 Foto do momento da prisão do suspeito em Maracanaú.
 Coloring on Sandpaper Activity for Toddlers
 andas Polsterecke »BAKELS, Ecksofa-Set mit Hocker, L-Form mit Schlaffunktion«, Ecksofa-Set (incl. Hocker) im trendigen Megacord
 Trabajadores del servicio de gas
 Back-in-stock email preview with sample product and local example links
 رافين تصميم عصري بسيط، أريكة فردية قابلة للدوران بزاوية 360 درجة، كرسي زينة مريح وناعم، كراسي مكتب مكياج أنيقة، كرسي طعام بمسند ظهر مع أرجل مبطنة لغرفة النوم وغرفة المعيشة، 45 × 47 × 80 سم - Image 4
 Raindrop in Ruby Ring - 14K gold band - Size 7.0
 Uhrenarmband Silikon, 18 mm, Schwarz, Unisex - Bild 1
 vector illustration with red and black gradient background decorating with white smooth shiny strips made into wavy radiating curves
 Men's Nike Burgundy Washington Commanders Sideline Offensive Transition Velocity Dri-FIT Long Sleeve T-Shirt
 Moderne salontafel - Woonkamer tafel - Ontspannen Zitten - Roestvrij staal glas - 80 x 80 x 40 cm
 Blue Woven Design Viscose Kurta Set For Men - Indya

=== Requirement ===
Extract every line above that contains the word "with".

=== Answer box ===
 Back-in-stock email preview with sample product and local example links
 vector illustration with red and black gradient background decorating with white smooth shiny strips made into wavy radiating curves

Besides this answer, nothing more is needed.